Input data:
◇ ◇ ◇ ◇

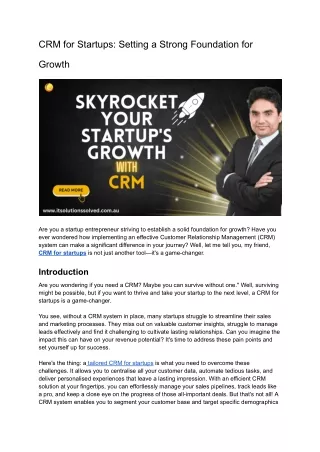 CRM for Startups_ Setting a Strong Foundation for Growth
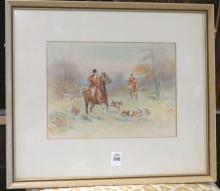 FRAMED "FOX HUNTING" WATERCOLOUR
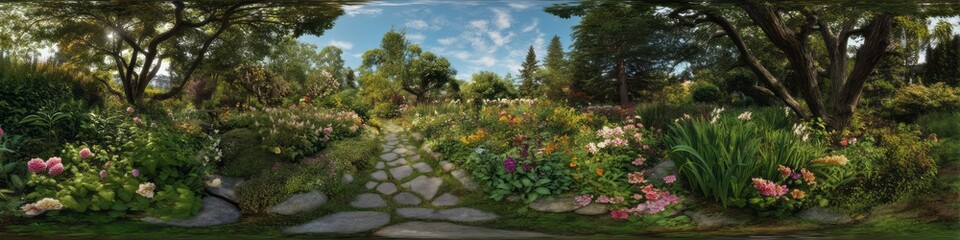 Panoramic garden view nature pathway hdr 360 degrees scenic environment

◇ ◇ ◇ ◇

Work task: All lines of the material above should be returned unchanged, but no pictures should be included.

Response to this task:
 CRM for Startups_ Setting a Strong Foundation for Growth
 FRAMED "FOX HUNTING" WATERCOLOUR
 Panoramic garden view nature pathway hdr 360 degrees scenic environment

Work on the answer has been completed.